I checked that all my used accounts have the “retrieve people data for search crawlers” permission.
One of these accounts is my Default content access account.
So what could the issue be?
/emo
You still should have been able to have my.domain.com on port 80 too. You just need to have something unique between IP/Host Name/Port. So the host name of my would have made it different to say corp on port 80. You would have had to remove the listen to anything on port 80 binding if it was there to get it started in IIS as that would have conflicted with the corp web app. I am by no means an IIS expert though so I may be getting myself confused.
So if you can I would strongly recommend you get it set that way as I am sure that is how you wanted it to be?
Out of interest what are the binding settings of the two web apps in IIS?
I think a lot of the issue comes down to my.corp.domain.com as I am thinking there will be no zone in dns to cover this namespace.
I know i should change the account for search, but I am just testing so I thought I could go with that one. I do have a crawl account which has full read on the Web-app.

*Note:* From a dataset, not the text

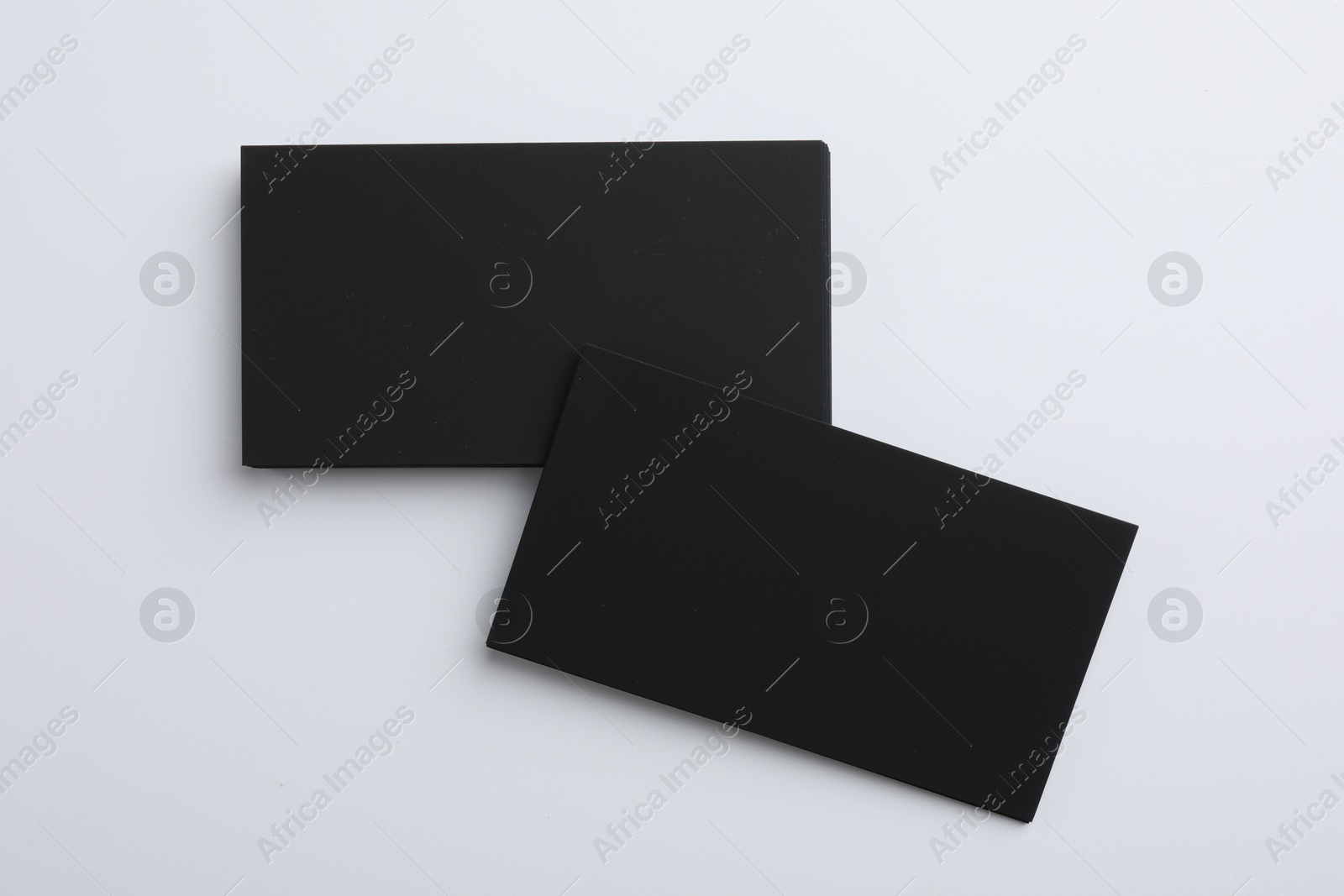 Photo of Blank business cards on light grey background, top view. Mockup for design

So I should try to add that one as my default content access account, and give that one retrieve people data for search crawlers” permission.

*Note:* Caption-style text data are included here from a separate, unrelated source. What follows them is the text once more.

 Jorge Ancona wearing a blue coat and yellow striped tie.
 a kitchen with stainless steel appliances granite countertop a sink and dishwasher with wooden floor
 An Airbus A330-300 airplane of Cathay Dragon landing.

The reason why my Web-apps are called that is, that i have a corporate webapp with a host-name “corp” on port 80. I then created mysites web-app also on port 80, with a host-name too, so thats why it is my.corp.domain.com.

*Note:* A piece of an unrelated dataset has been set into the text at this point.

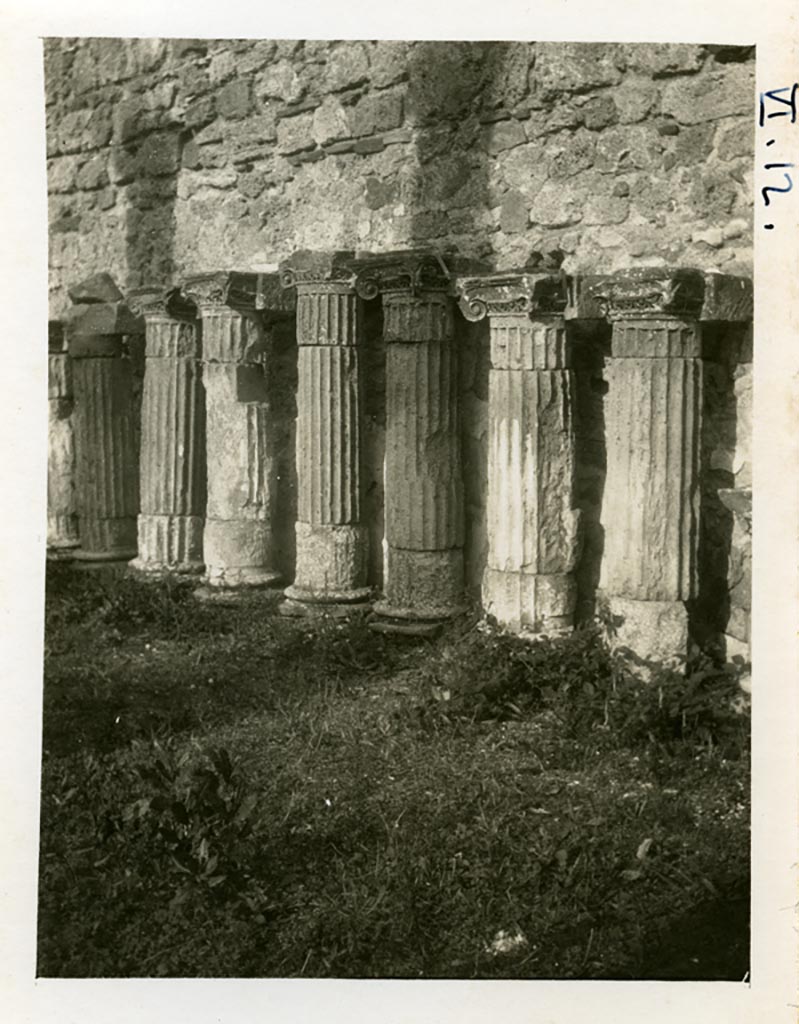 VI.12.2 Pompeii. pre-1937-39. Remains of columns and capitals against east wall of rear peristyle.
Photo courtesy of American Academy in Rome, Photographic Archive. Warsher collection no. 1422.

Is this a strongly wrong way to do it?
I will look at the post from technet.
I would strongly object to that configuration. You do not want the crawl account to have any greater permissions than Read as it can kill the security trimming of search results.
So it is my.corp.domain.com and not my.domain.com, was there a reason for this? I cannot help but think this is a major difference compared to the working web app of corp.domain.com
Are you able to resolve my.corp.domain.com on the server that is performing the crawls?
Might be also worth checking out a post such as:Â http://social.technet.microsoft.com/Forums/sharepoint/en-US/70e15ad6-0387-4a13-9d5e-58f56ccd8481/object-not-found-sharepoint-search-top-level-error
Sorry, i wrote the adresses wrong in the first time. They are corp.domain.com and my.corp.domain.com.
The user running the crawl is also my “setup” user, so it is the one I logon to CA with and create web-apps, so by default he is assigned the full permissions on my Web-app.
Just as a double check, does your content access account have read access at the web application level? So if you go into CA > Web Applications > Select my.server.domain.com web application > User Policy > Is the account that is being used to crawl the content specified in here with Full Read access?
Also on the server that is performing the crawl can you resolve the start addresses that you have specified? You could hope to check this by performing a ping from CMD to the required start addresses.
I also have never done the start address with FQDN address, cannot see this as being an issue though. I see that the format is name.server and then domain. Where I would normally expect just name of the web app and then domain. So I would definitely you can resolve those start addresses on the server performing the crawls.